■ Assignment: The entries below are to be reproduced exactly, with their pictures omitted.

■ Extracted records:
[Start of Attachment]

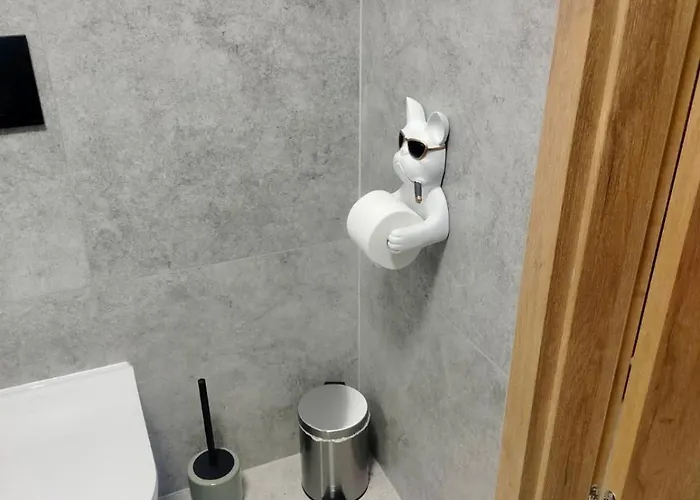 Apartament Tarasy Wenecji 2 Gniezno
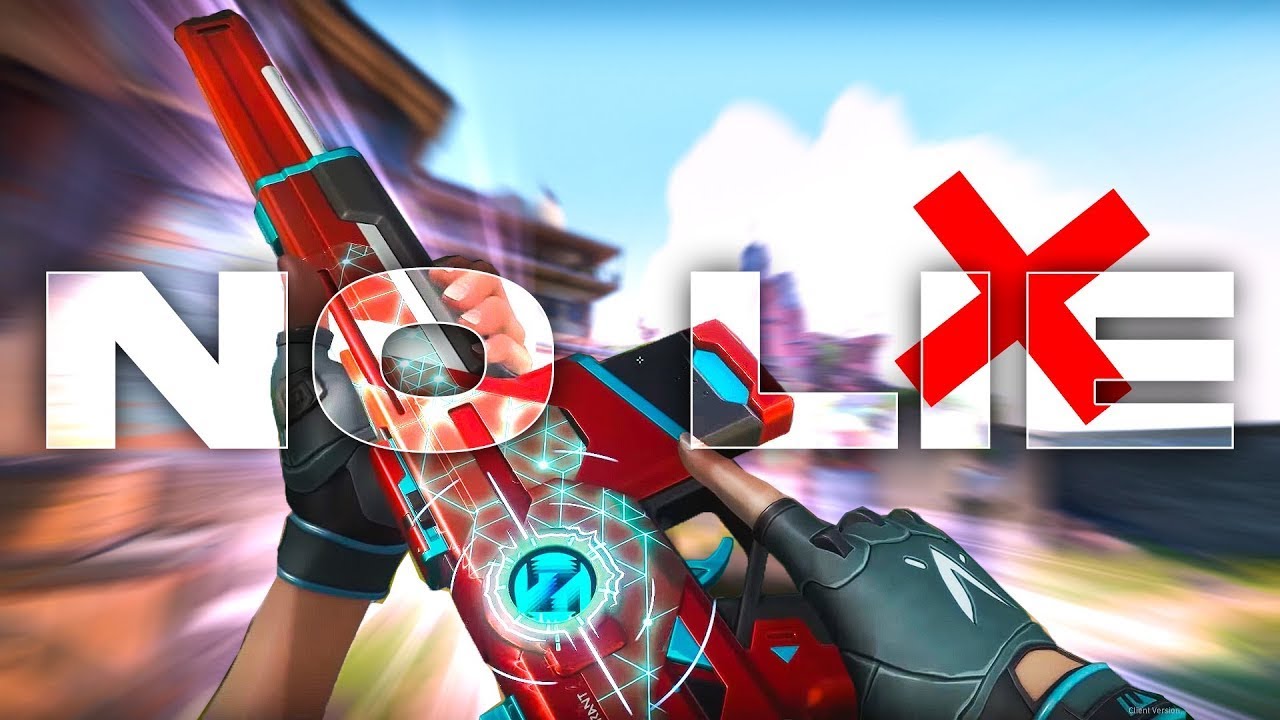 No Lie ❌ - Valorant Montage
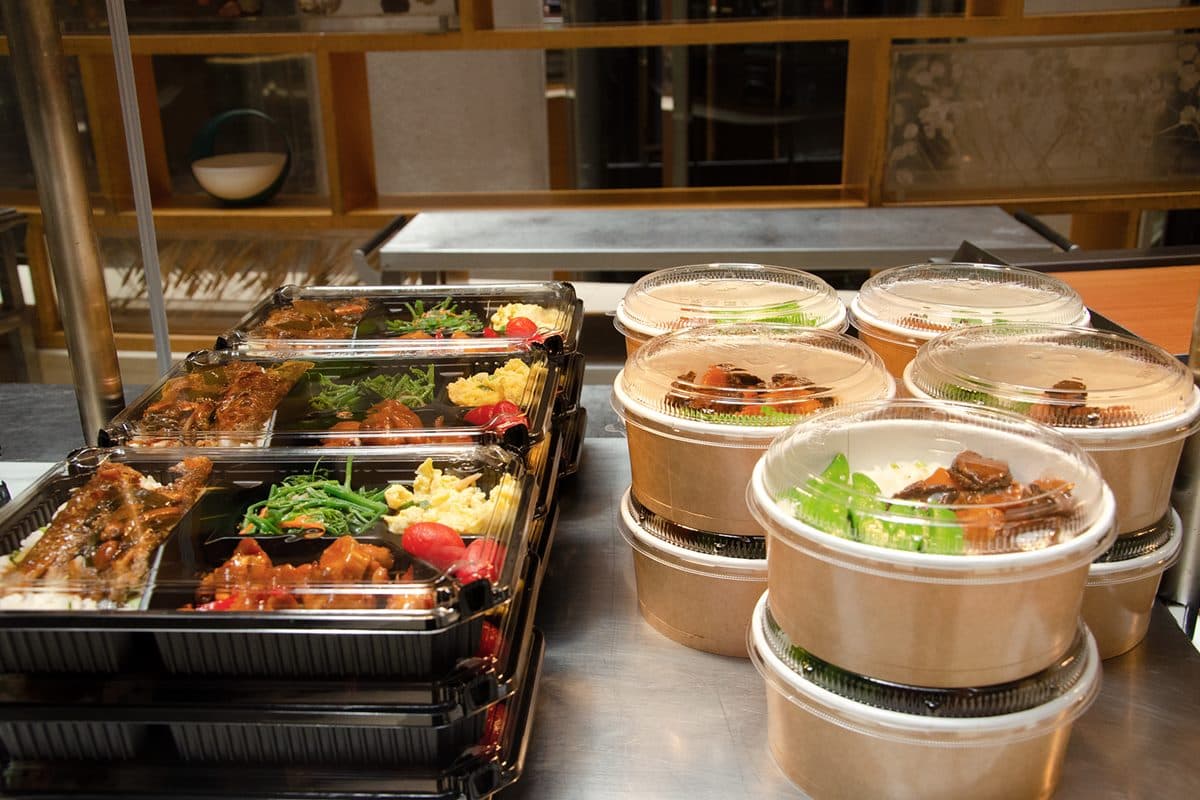 君悅、喜來登「Buffet帶回家」!吃到飽好料最低20元能外帶,龍蝦、牛排都能吃 君悅、喜來登「Buffet帶回家」!吃到飽好料最低20元能外帶,龍蝦、牛排都能吃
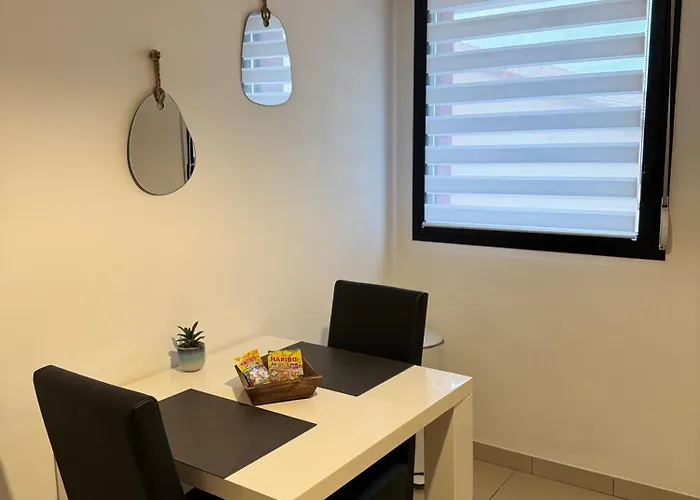 Apartmán Le Cocon Des Thermes Metz Luxembourg Amnéville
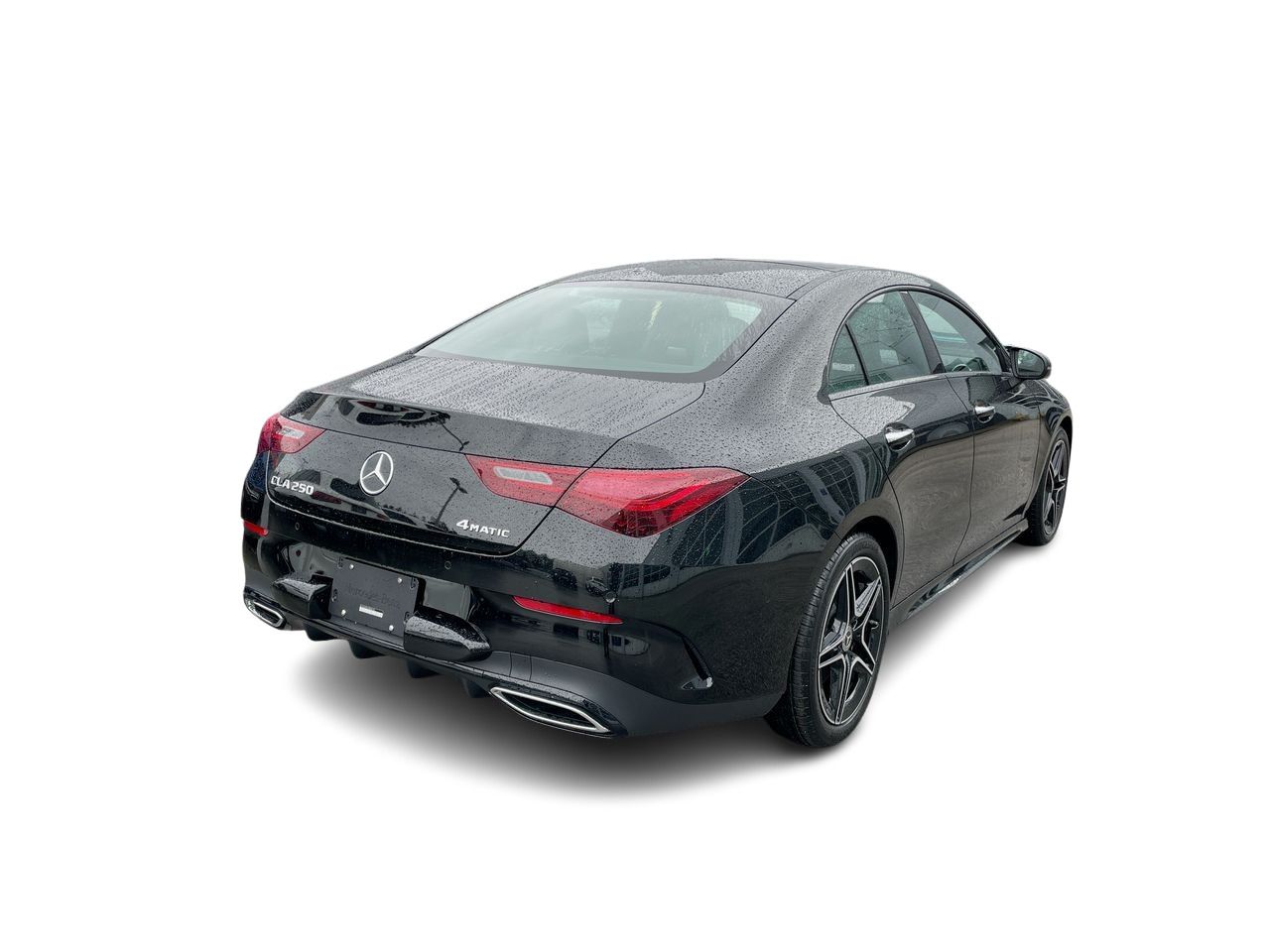 Mercedes-Benz CLA  2025 à Richmond, Colombie-Britannique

[End of Attachment]

■ Output for this exercise:
 Apartament Tarasy Wenecji 2 Gniezno
 No Lie ❌ - Valorant Montage
 君悅、喜來登「Buffet帶回家」!吃到飽好料最低20元能外帶,龍蝦、牛排都能吃 君悅、喜來登「Buffet帶回家」!吃到飽好料最低20元能外帶,龍蝦、牛排都能吃
 Apartmán Le Cocon Des Thermes Metz Luxembourg Amnéville
 Mercedes-Benz CLA  2025 à Richmond, Colombie-Britannique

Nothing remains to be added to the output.